You want to trade t-shirts J?


----------



## Warren (Feb 19, 2005)

J:

I wear an extra large and am partial to hoodies.
Then you will have my Christmas gift covered.


----------



## THINKPAINTING (Feb 24, 2007)

Are older version


----------



## parkers5150 (Dec 5, 2008)

bought some materials today... the rep asks"you a hat man???" walked out with mats.,nice beanie, and two shirts:clap:... i love door prizes:thumbsup:


----------



## tgeb (Feb 9, 2006)

Send me a few....Me and the boys will run on down to "occupy dc" and start some........conversation, that will help your business!


----------



## shanekw1 (Mar 20, 2008)

I take a size large.


----------



## Joasis (Mar 28, 2006)

You guys are a riot....I can't imagine wearing someone's "colors" if I have my own....I really like the BuildBlock tee shirts, and was thinking about trying a new design, but a lot of you know that what you see is what I have always had.....and I do not wear the BuildBlock shirts any longer...since we ain't getting along to well these days.


----------



## KnottyWoodwork (May 23, 2010)

joasis said:


> You guys are a riot....I can't imagine wearing someone's "colors" if I have my own....I really like the BuildBlock tee shirts, and was thinking about trying a new design, but a lot of you know that what you see is what I have always had.....and I do not wear the BuildBlock shirts any longer...since we ain't getting along to well these days.


I'm with ya, I can't imagine wearing someone else's gear. Even if it is just a T, or jacket. Although I do wear whatever hat I grab first.


----------



## RobertCDF (Aug 18, 2005)

I wear manufacturers jackets and hoodies, but I always have my T underneath. I have some hoodies with my stuff on it but I need some new ones, the old ones are just too dirty.


----------



## Inner10 (Mar 12, 2009)

J nice shirts, I have to get some made. :thumbsup:


----------



## shanekw1 (Mar 20, 2008)

joasis said:


> You guys are a riot....I can't imagine wearing someone's "colors" if I have my own....I really like the BuildBlock tee shirts, and was thinking about trying a new design, but a lot of you know that what you see is what I have always had.....and I do not wear the BuildBlock shirts any longer...since we ain't getting along to well these days.

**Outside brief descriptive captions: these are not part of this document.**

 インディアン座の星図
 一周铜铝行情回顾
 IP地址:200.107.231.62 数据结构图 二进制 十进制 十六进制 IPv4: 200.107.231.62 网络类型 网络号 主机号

I wouldn't wear a direct competitor's "colours", but having a shirt or hat from different people or places is kinda neat. Can be good conversation starters.:thumbsup:


----------



## Joasis (Mar 28, 2006)

I might trade some hats.....


----------



## Tom M (Jan 3, 2007)

I have a ton of hoodies, sweatshirts, tee's tanks and this year some nice polo's. They make up my work cloths. Too expensive to give them away to people who mught not ever wear them. I save them for workers and those who I know will wear it. All good quality Russel stuff.


----------



## Lyle Clark (Nov 6, 2008)

Here is the back of our shirts.


----------



## FramingPro (Jan 31, 2010)

Chris Johnson said:


> You want to trade t-shirts J?


you should make a white hoodie.. they look cool and i dont have a white one :thumbsup:


----------



## Chris Johnson (Apr 19, 2007)

FramingPro said:


> you should make a white hoodie.. they look cool and i dont have a white one :thumbsup:


We do concrete...and you want white...your mother still does your laundry right?


----------



## superseal (Feb 4, 2009)

That think painting shirt is awesome - real branding for sure. 

Mine are so basic I'm ashamed to post, but here goes...

I think I paid about 10 ea. for the new sweats - jerzees brand super sweats. 

My puzzle logo is supposed to be four different colors so the guy gave me a discount or so he's says 

Still waiting on the colored version...


----------



## FramingPro (Jan 31, 2010)

Chris Johnson said:


> We do concrete...and you want white...your mother still does your laundry right?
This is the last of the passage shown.